Fig. 2: Biochemical verification of Ca. Cloacimonetes GGGP and DGGGP synthase activities. | The ISME Journal

Fig. 2: Biochemical verification of Ca. Cloacimonetes GGGP and DGGGP synthase activities.

From: Bridging the membrane lipid divide: bacteria of the FCB group superphylum have the potential to synthesize archaeal ether lipids

Fig. 2

a Enzyme assay of purified GGGP synthase with G1P (a1–a4) or G3P (a5 and a6).

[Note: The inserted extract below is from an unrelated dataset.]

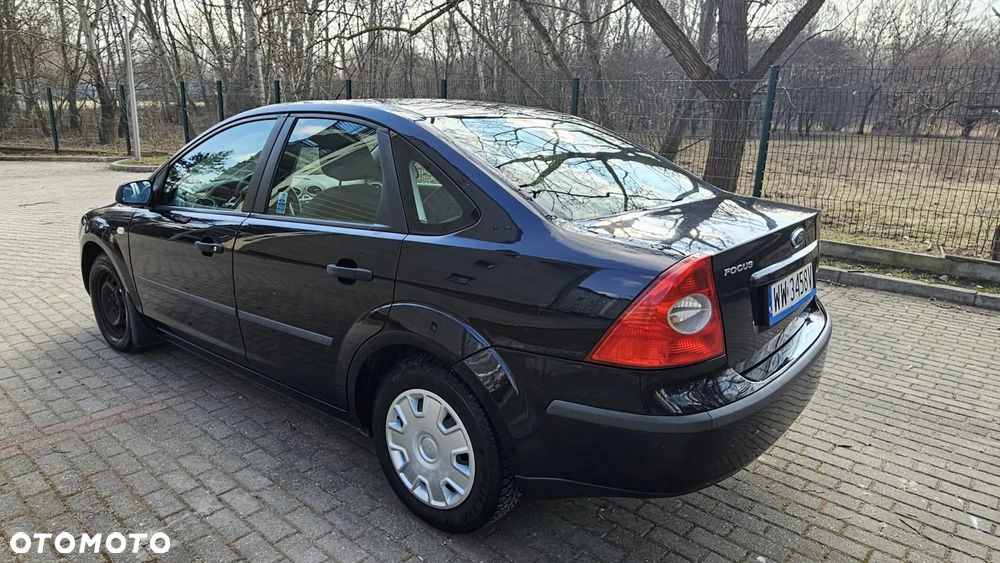 Ford Focus 1.6 Sport - 4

Extracted ion chromatogram, within 3 ppm mass accuracy, of [GGGP + NH4]+ (m/z 462.298) of complete enzymatic assay (a1 and a5) or control assays lacking enzyme (a2 and a6), glycerol phosphate (a3) or geranylgeranyl-diphosphate, GGPP (a4). b Production of the lipid PG-archaeol with eight double bonds or unsaturations (PG-unsat(8)-archaeol) in E. coli. Extracted ion chromatogram (±0.5, mass units, mu) of [PG-unsat(8)-archaeol+H]+ (m/z 808); (blue filled area, left axis) or base peak chromatogram (dotted line, right axis) of optimized E. coli containing empty-vector (b1) or vector encoding GGGP synthase (b2), DGGGP synthase (b3), or both GGGP and DGGGP synthases (b4). Orange boxes spans the retention time of PG-unsat(8)-archaeol.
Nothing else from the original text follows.